The advertising base that supported all that general content is also shrinking rapidly, stripped away directly and indirectly by new players. Facebook and Google directly amass and precisely target a far larger audience in a metro newspaper’s local market than the paper can or ever could. Less directly but just as effectively, programmatic advertising networks amass and target a large local market audience by aggregating traffic across a wide range of content websites, often including your metro, local or regional enterprise.
It’s a completely disrupted and entirely different world. National and global players such as Facebook reach more audiences in your local market than you do yourselves. The market outsider knows more about the digital presence, behaviors, needs and habits of the local audience than you, the market insider. And these outsiders use this knowledge to precisely target audience segments in and across local markets.
Sidebar:
How well do you compete against Facebook in local audience?
If your metro area has 4,000,000 residents and Facebook is used by 65% of them on a monthly basis, they have a monthly reach of 2,600,000 local uniques. If these users access Facebook an average of five times a week, they amass over 56,000,000 monthly visits in your market. How do these Facebook in-market uniques and visits compare with yours?
How well do you compete with Facebook on knowing your local audience?
Facebook knows a great deal about its users in your market — their friends and family members, their personal timeline, all their “likes” and activity on other sites (through Facebook log-ins) — and uses this information to target ads and content to them. This raises the challenge of how your newsroom can know and serve its local audience better than an algorithm with a rich data feed.
b) The imperative to focus on audience segments in the face of unprecedented competition
Local enterprises faced with game-changing disruption from outside competitors must get much clearer about which customers to serve and how to serve them better than those outsiders – as with Main Street merchants contending with Walmart or any retailer facing Amazon’s direct delivery. Start by thinking about audiences not as a single undifferentiated group (“the public”) but rather as a series of audience segments, each with differing needs, interests and problems that your news enterprise can serve well with your local perspective.

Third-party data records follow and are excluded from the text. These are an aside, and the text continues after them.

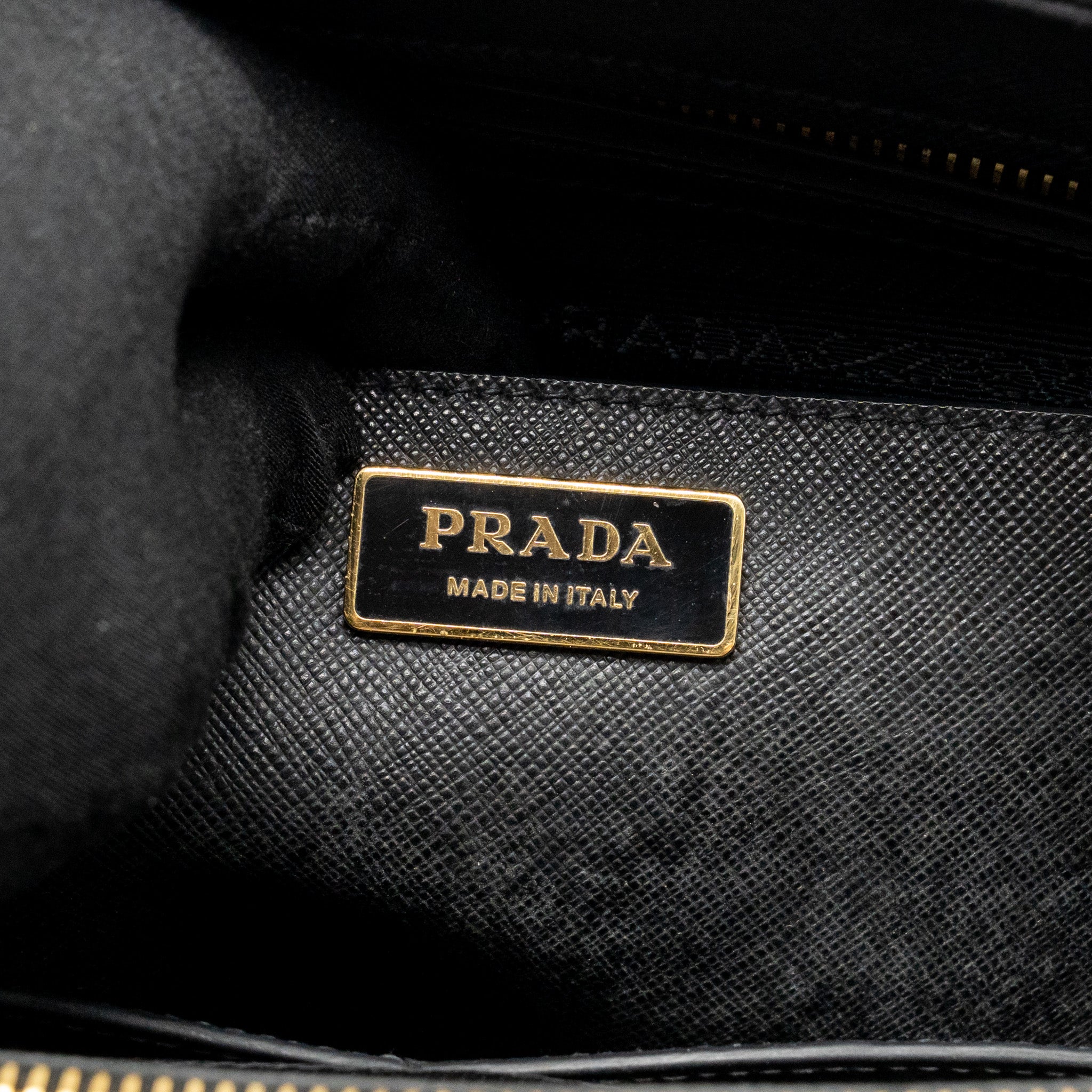 prada-large-saffiano-tote-bag-galleria-saffiano-leather-black-ghw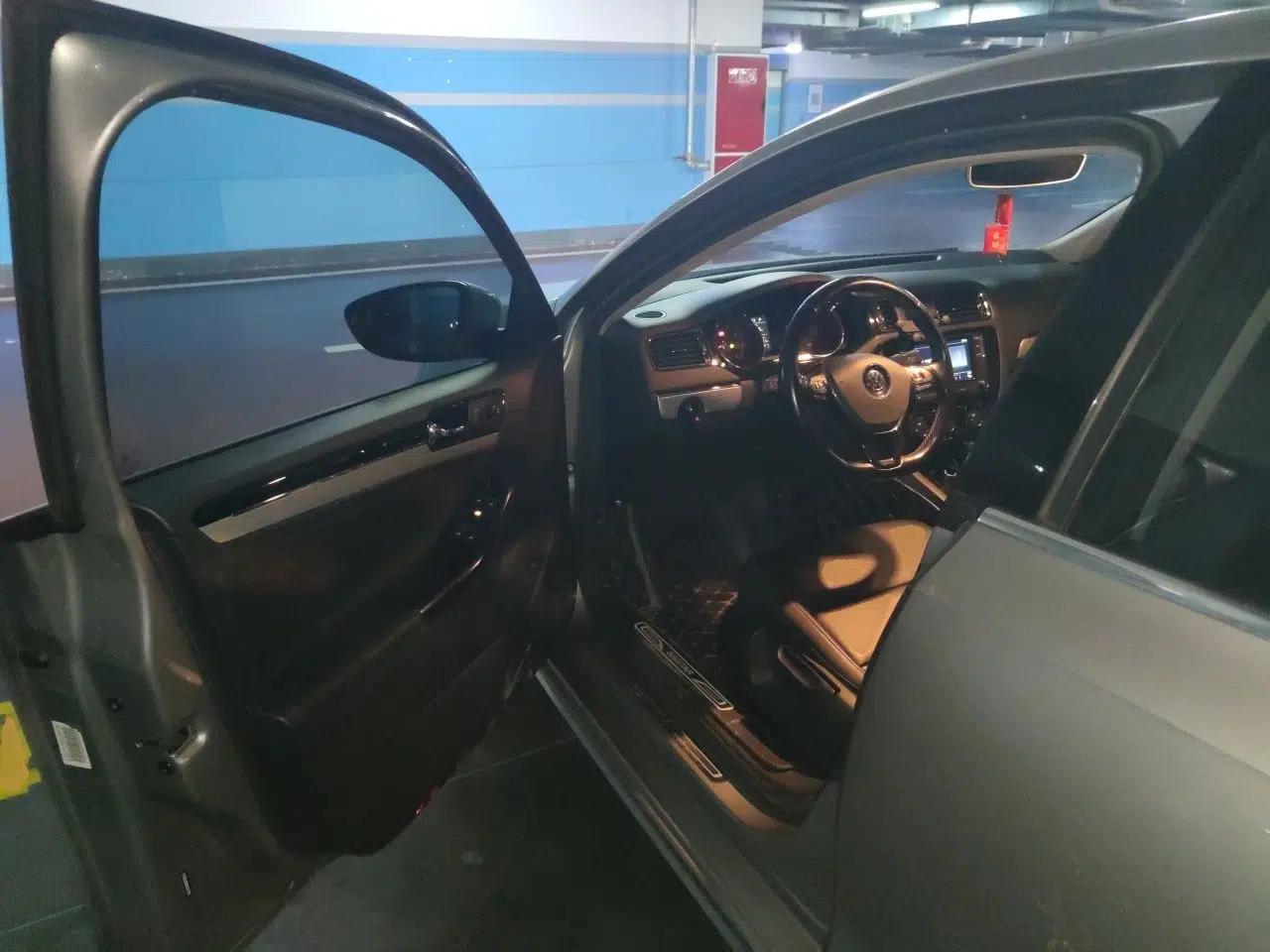 Volkswagen Sagitar 2018 1.6L Automatic Comfort Model — миниатюра 16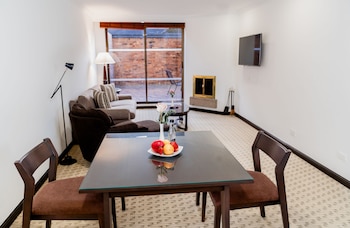 Business Suite, 1 King Bed, Kitchen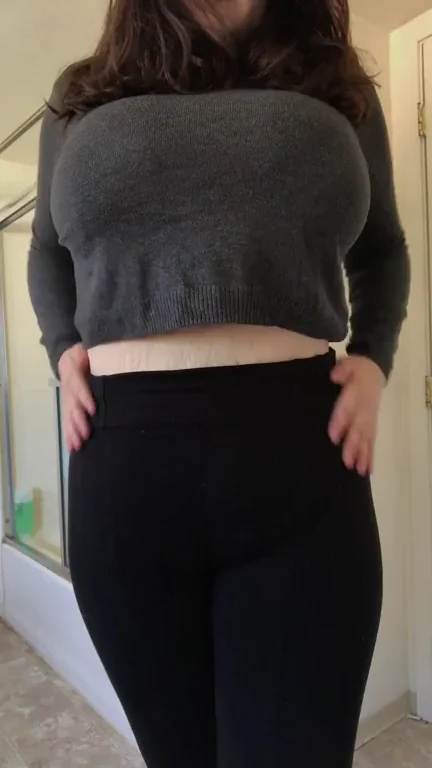 🥵 Massive MILF Tits Dropping Out 🍈🍈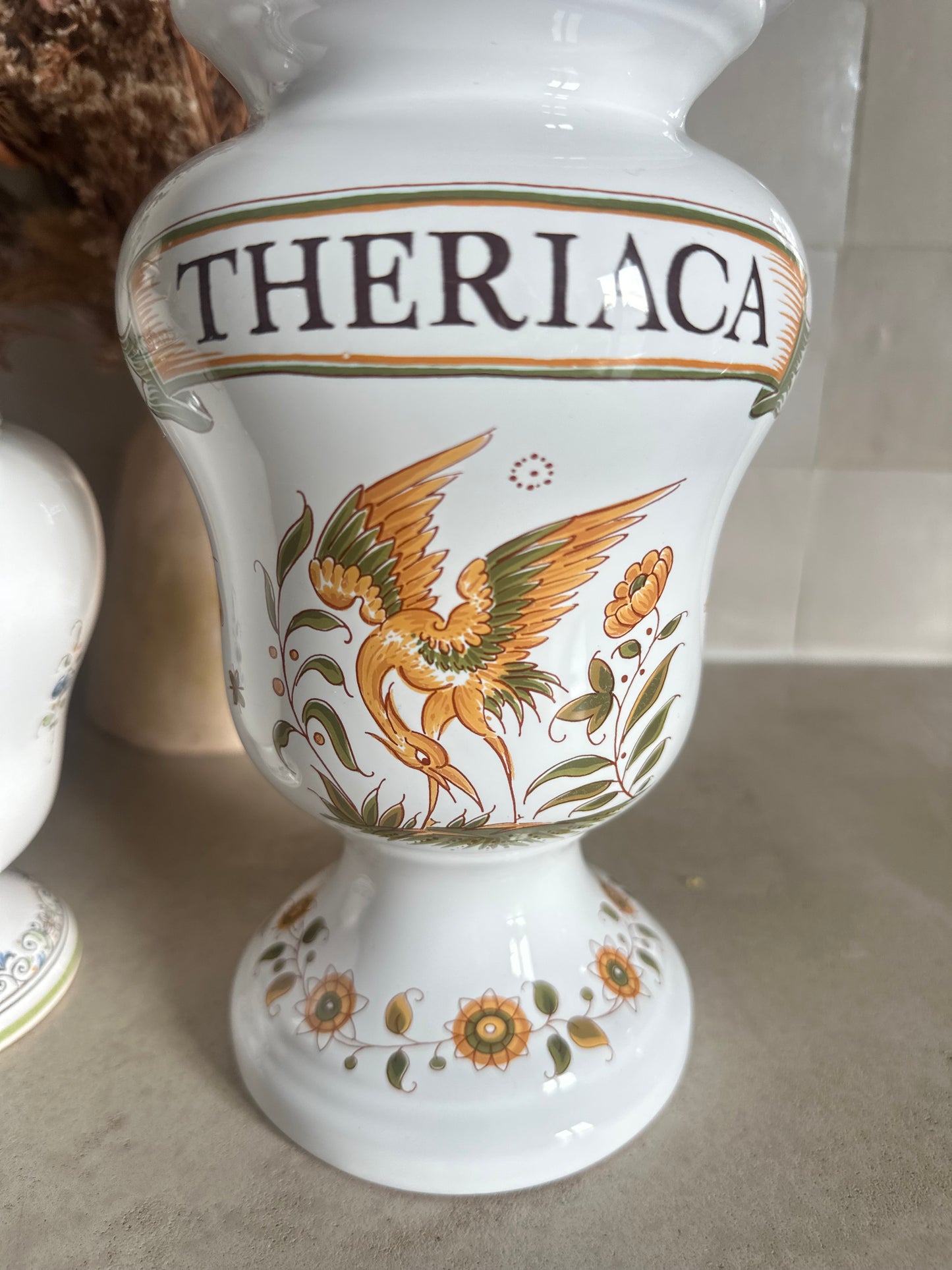 Pot à pharmacie « Theriaca »  en faïence de Moustiers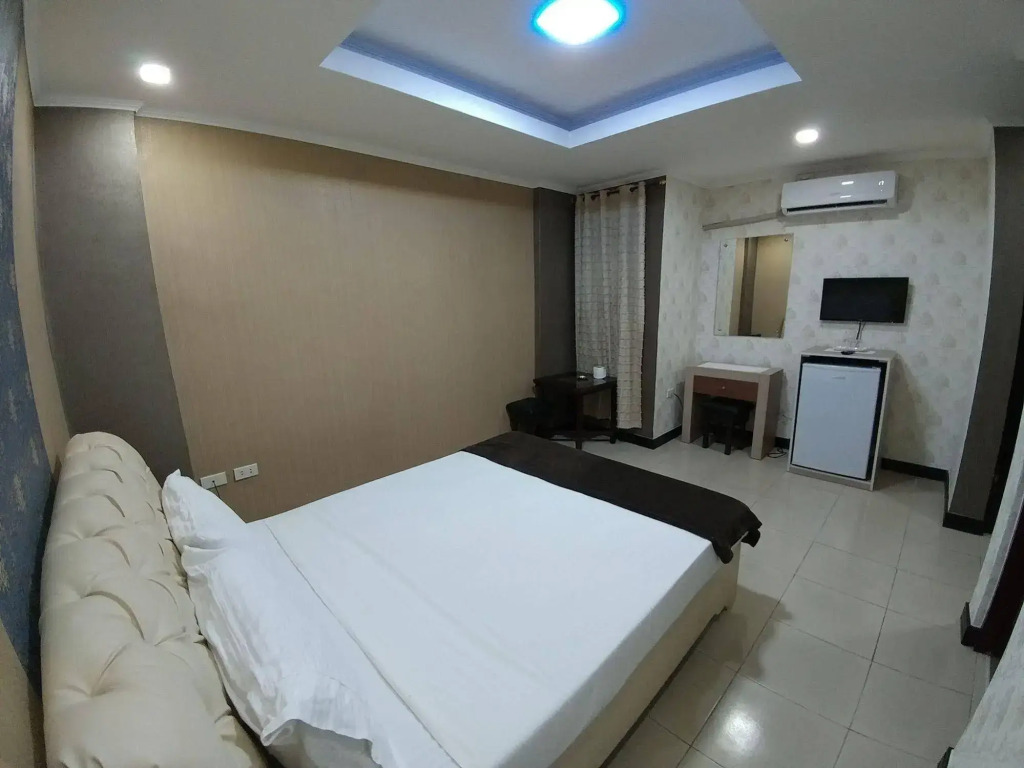 OYO 700 Pj Inn Hotel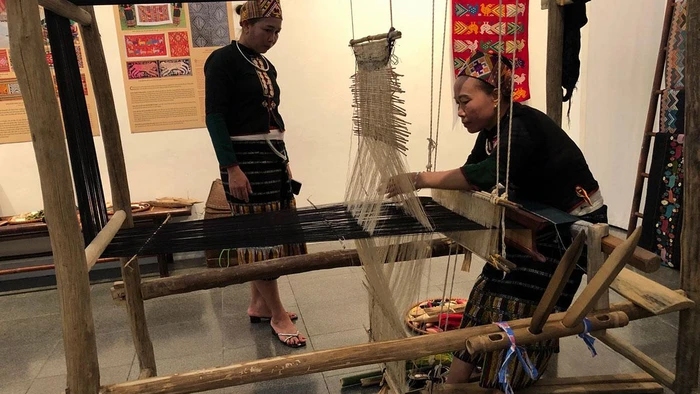 Phụ nữ dân tộc Thái Thanh trình diễn kỹ thuật dệt vải căn sợi tại Viện Goethe trong triển lãm của Craftlink.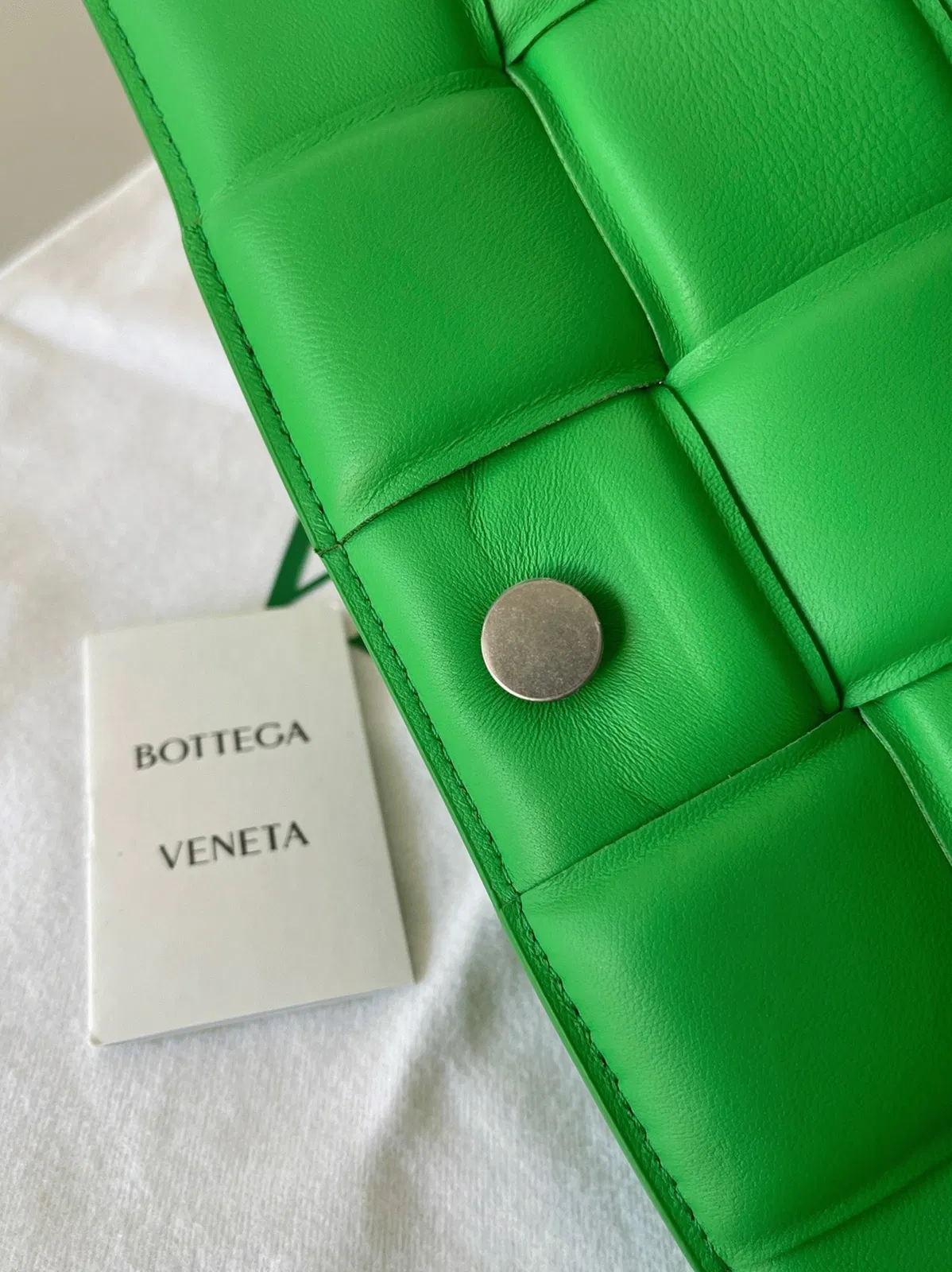 Top Quality Knockoff Bottega Veneta Padded Cassette Bag In Parakeet — image 4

Metro newsrooms can’t compete with Facebook or Google on the scale of their virtual networks or their myriad knowledge of the transactional links within those networks. But your newsrooms can use your deeper understanding of local audiences’ needs, interests and problems to solve to build loyal, more connected networks of audiences within your market. Doing this, though, requires stepping back and reversing the usual flow of newsroom thought and practice.
c) Thinking audience first, always and in all ways
It’s traditional for newsrooms to organize around subject areas as embodied in desks and beats. Journalists figure out “what’s the story” within the boundaries of those subject matter areas. Only then, perhaps, do journalists give thought to audiences for the story at hand.
This pattern needs to be flipped:
- Think audiences first – who are the segments of people and enterprises in your community that your newsroom can best serve and “own” and what are their needs, interests and problems?
- Then think about content and experiences for those audiences – what news, information and opportunities for connections can your newsroom provide that meet and serve audience needs, interests and problems?
Audience first is not just a catchphrase. It is a fundamental shift in a newsroom’s orientation and mindset that changes everything from the conversations in daily meetings to the design of workflows to the roles and skills that are most valued to the tools and technology required.
Audience first is also a required, mandatory change imposed by digital media realities. It is Table Stakes – without it, your news enterprise cannot be ‘in the game.’ Equally important though is this: putting audiences first not only gets you into the game but also far better positions your newsroom to provide more effective journalism whose relevance and value better serves the needs, interests and problems of target audiences. In other words, audience first is essential to fulfilling your journalistic mission.